Maturity is the date on which the principal (face value) of a bond, debenture, or other fixed-income instrument becomes due and is repaid to the investor. The period from issuance to maturity is called the tenor or tenure of the instrument.

Fixed-income instruments in India span a wide range of maturities. Treasury Bills (T-Bills) have maturities of 91, 182, or 364 days. Government Securities (G-Secs) range from 1 year to 40 years. Corporate bonds typically have 1–10 year tenors. Fixed deposits at banks offer maturities from 7 days to 10 years. The choice of maturity depends on the investor's time horizon, Interest Rate outlook, and liquidity needs.

Maturity is directly linked to interest rate risk through the concept of duration. Longer-maturity bonds have higher duration, meaning their prices are more sensitive to interest rate changes. A 10-year G-Sec might fall 7–8% in price if interest rates rise by 1%, while a 2-year bond might fall only 1.5–2%. This is why investors expecting rate hikes shift to shorter maturities, and those expecting rate cuts move to longer maturities.
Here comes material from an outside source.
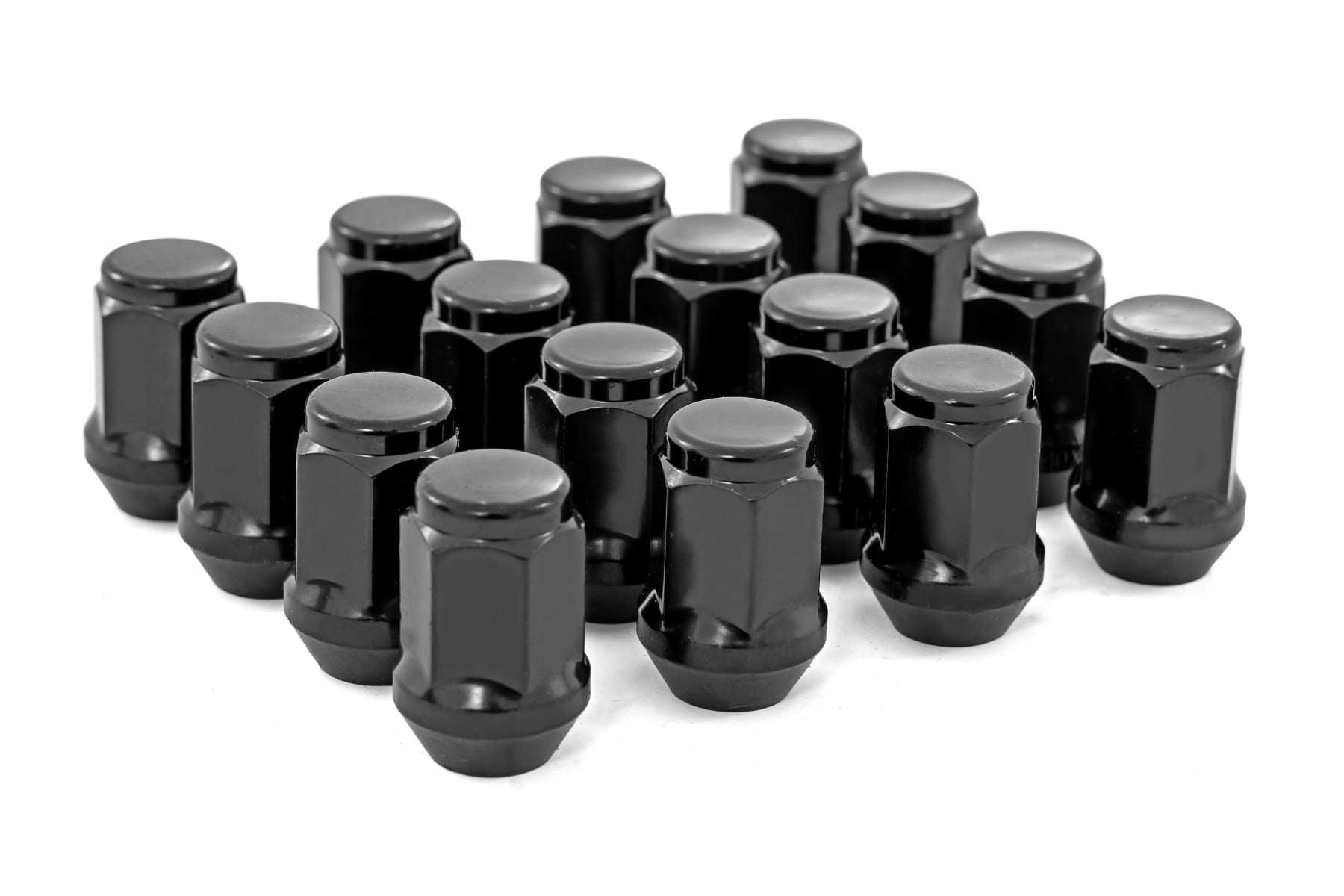 Rough Country Lug Nut Set M12x1.5 16 Qty Black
In the Indian government bond market, the benchmark 10-year G-Sec yield is the most closely watched indicator of the overall interest rate environment. As of recent periods, this yield has ranged between 6.5% and 7.5%. RBI conducts auctions for G-Secs and T-Bills regularly, and these are accessible to retail investors through the RBI Retail Direct platform launched in November 2021.

For debt Mutual Fund investors, the average maturity of the fund's portfolio determines its interest rate sensitivity. SEBI categorises debt funds partly by maturity profile: liquid funds (up to 91 days), ultra-short duration (3–6 months), short duration (1–3 years), medium duration (3–4 years), and long duration (7+ years). Matching the fund's average maturity to your investment horizon reduces the risk of adverse price movements.

India Context

Indian G-Secs range 1–40 years. RBI Retail Direct platform enables direct retail access. 10-year G-Sec yield is the benchmark rate. T-Bills at 91/182/364 days.